There's an easy fix to putts in the 1-4ft range. Practice
it on straight ones, improve it on downhill ones, get it
sharp on bendy ones. In each and every case, you don't want,
and shouldn't, be lagging a ball from that range. I'm not
saying ram it in with a strike putt either (maybe an uphill
one). I'm saying, use your BT to lag it a given distance
past the hole. How do you do that?
This is how you do it: First take a back swing that's marginally
longer than you need to get the ball to the front edge of
the hole, then swing slower than you want the ball to roll,
but also further than you want the ball to roll. The putter
head can finish up around your ears if you want, because
it won't matter, the ball will already be in the hole anyway.

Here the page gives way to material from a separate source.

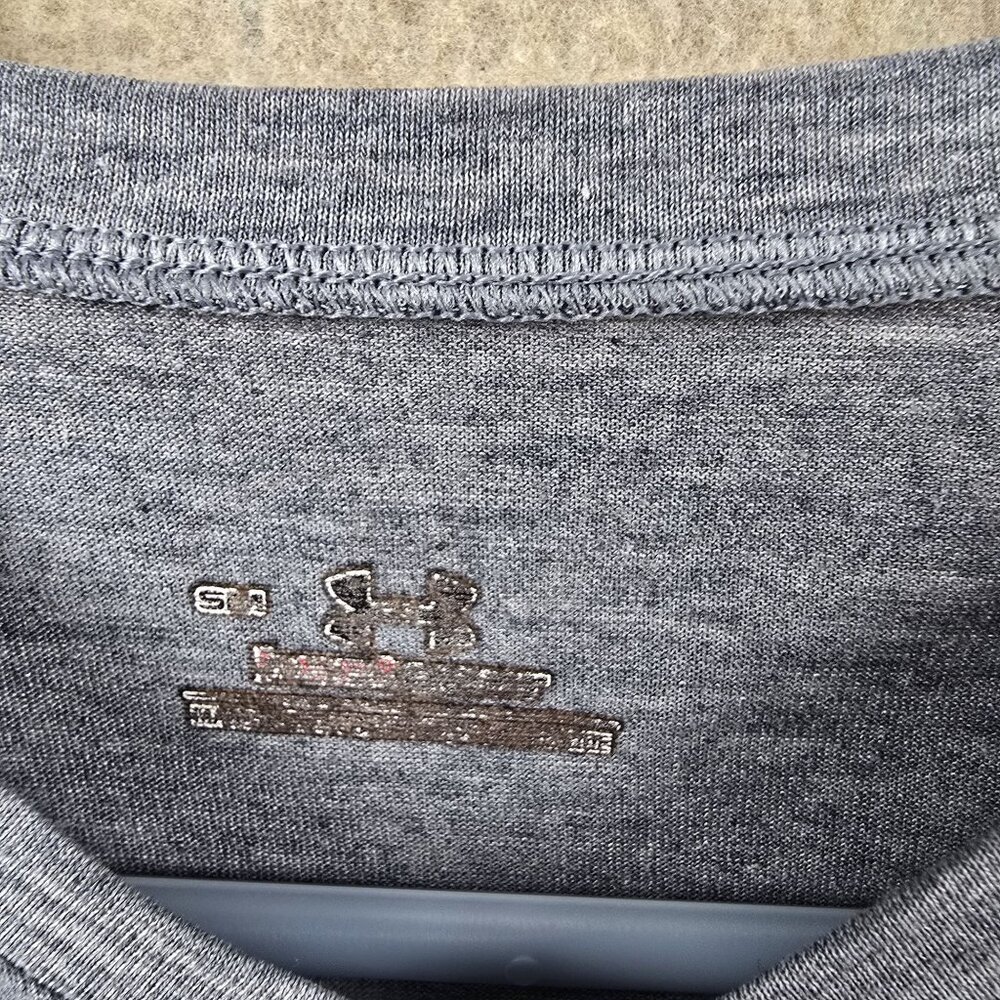 Under Armour Womens V-Neck Performance T-Shirt Gray Size Small Polyester Blend - Picture 3 of 5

If you've misread it, fair enough, but in any event, the
ball won't be outside your return putt comfort zone (see
Sunday's effort above). How does it work? Easy. Think of
the back swing like the fuel in your car. If you've got
a limited amount of fuel, you can only drive so far. If
you've got exactly enough you go the exact distance, if
you've got slightly more, you can drive slightly further
and, over these short distances, it really doesn't matter
how slowly you drive there (except on super bendy ones,
but who tries to leave themselves those?).
Just
remember, whatever the distance, whatever the putt, you're
not just swinging the putter up to your target, you're swinging
it up there at the speed you think the ball needs to travel
to get to or past that target. If you don't have a scooby-doo
what that speed should be, go take a mental picture side
on. And while you're looking, side on, try and imagine the
ball moving over the ground from start to finish. Notice
where you think it will start to slow down (that's where
your putter will also start to slow down), and make sure
it only comes to a stop, once it's past the hole (if you
want to hole more putts). If you don't give yourself every
opportunity to hole a putt, how many scoring chances are
you turning down in a round?
Worst thing that can go wrong? You ****-up on the amount
of fuel in your tank? So what? You also cocked-up following
the ball, and that's cocking-up in the best possible way,
learning something in the process. And, at the end of the
day, learning distance control this way is a cumulative
process. The more you synchronise ball and putter, the faster
you learn to apply it, and the better you get at it.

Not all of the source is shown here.